Exploring Japan: Winter hiking at Mt. Asama

Photos by Yosuke Tsuji
Photos by Yosuke Tsuji

Exploring Japan: Winter hiking at Mt. Asama

by Yosuke Tsuji
Stripes Japan

People who have driven to Karuizawa in Nagano Prefecture might have noticed through the car window the generous cone-shaped mountain protruding from the rock-strewn ground.

What you saw is Mount Asama, and active volcano that reaches 2,568 meters into the sky. Mount Asama has been active for hundreds of thousands of years and scientists reckon that it has not lost its energy. You can actually see white smoke puffing from Asama’s opening from far away. It’s difficult to distinguish it from the clouds. 

Traces of Asama’s great eruption in 1,783 are preserved in the Oniohidashi Park’s dry lava flow, which attracts many tourists. 

If you are a climber, you must know that it is prohibited to come any closer than 2 kilometers of the volcano’s crater. But you can enjoy the magnificent sight of Asama by trekking around the caldera topography. A couple of weeks ago I took aim at the top of Mount Kurofu, one of Asama’s calderas.

Driving up to 1,973-meter high Kurumasaka Pass on a cold Saturday morning, I saw many skiers and snow boarders. It looked like hikers were in the minority. My wife and I began our hike at Kurumasaka Visitors Center. We estimated it would take two hours to get to Kurofu’s 2,404-meter peak.  

This was quite a hike. Wading through waist-high snow, we tried not to deviate from the track made from hikers ahead. We kept a steady pace, and after 100 minutes, we reached the ridge of the caldera. We were expecting to be able to see Asama wearing her wonderful white snow against the backdrop of a beautiful blue sky. But we couldn’t. The snow and clouds hid Asama. And it was bitter cold.

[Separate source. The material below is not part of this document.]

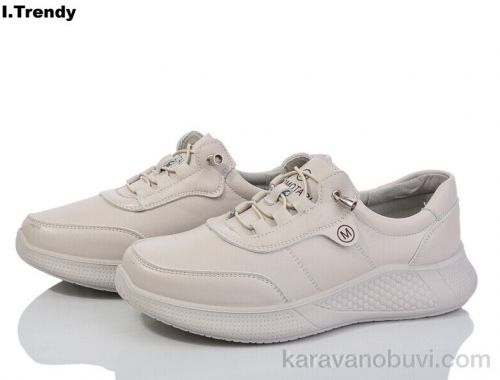 Кросівки TRENDY BK769-2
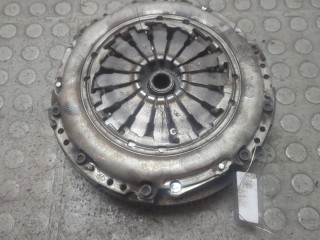 Маховик Opel Astra 2006-2014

We pressed on, even though the wind got stronger and the air colder. My right hand began to ache as I continually took off my glove to check my GPS and take photos on my iPhone. I acknowledge that exposing your naked hand during a winter mountain climb is a cardinal sin.  After struggling in the snowy path, we reached our goal: Kurofu’s peak. Once again the visibility wasn’t so good and it was still shivering cold.

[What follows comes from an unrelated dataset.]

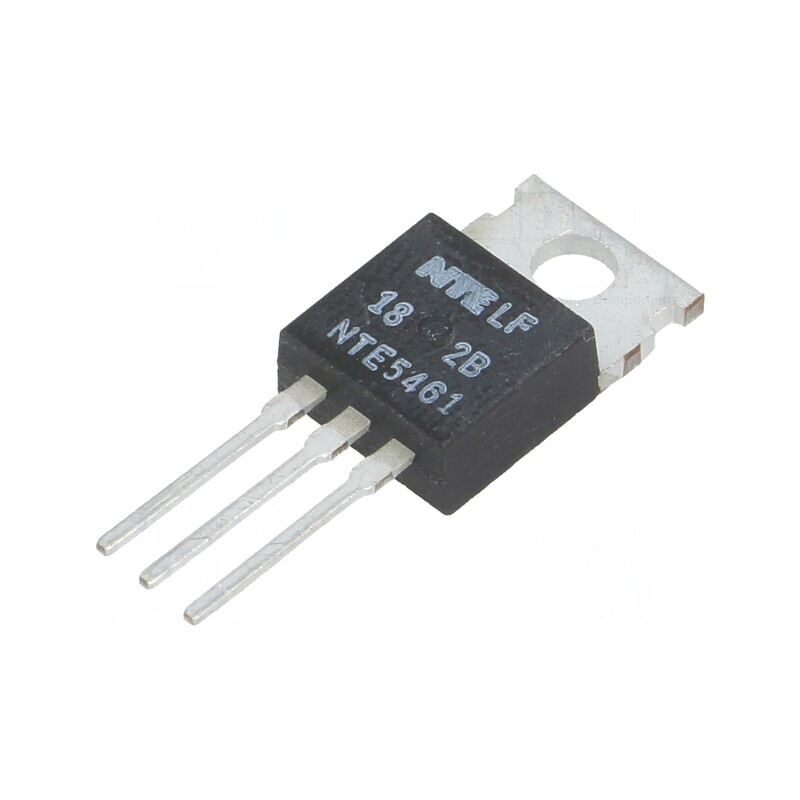 Tiristor 30V 4A TO202-3 | Electronic-mag.ro | Componente Electronice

If the weather had been cooperating, we would gone to the next peak: Jakotsu-dake. But we came to our senses and abandoned that idea. We exchanged pleasantries with some other hikers, crammed some M&Ms in my mouth in hopes of getting a needed energy boost, swigged down some hot coffee from my thermos and headed back. I was relieved that we had enough power to get back, but my hands were so numb that I couldn’t hold onto the stone-cold rice balls we had brought to snack on. 

It was quite a hike. “I’m tired,” were the first words my wife mumbled when we got back to the car. As for me, I promised myself that I would come back ... when it got warmer.